- [What this task involves] Repeat exactly the lines below, from the line containing "Competition Among Panchayats, Pledge" through the last line, both included. Leave out any pictures.

Exercise data Block Start

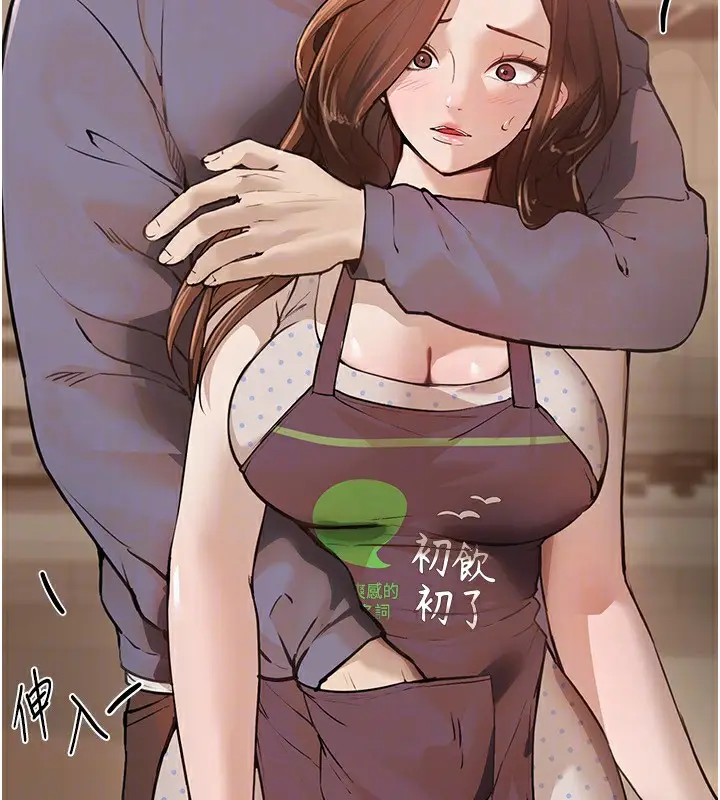 漫画《Beautiful Days》第12话第152张图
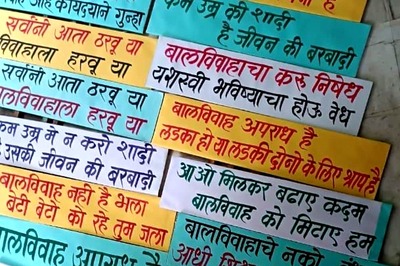 Competition Among Panchayats, Pledge in Schools & Awareness: How Beed Plans to End Child Marriage Menace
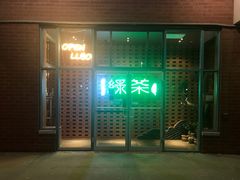 门面-绿茶餐厅万锦 Green Tea Restaurant Markham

Exercise data Block End

- [Answer to this exercise]
 Competition Among Panchayats, Pledge in Schools & Awareness: How Beed Plans to End Child Marriage Menace
 门面-绿茶餐厅万锦 Green Tea Restaurant Markham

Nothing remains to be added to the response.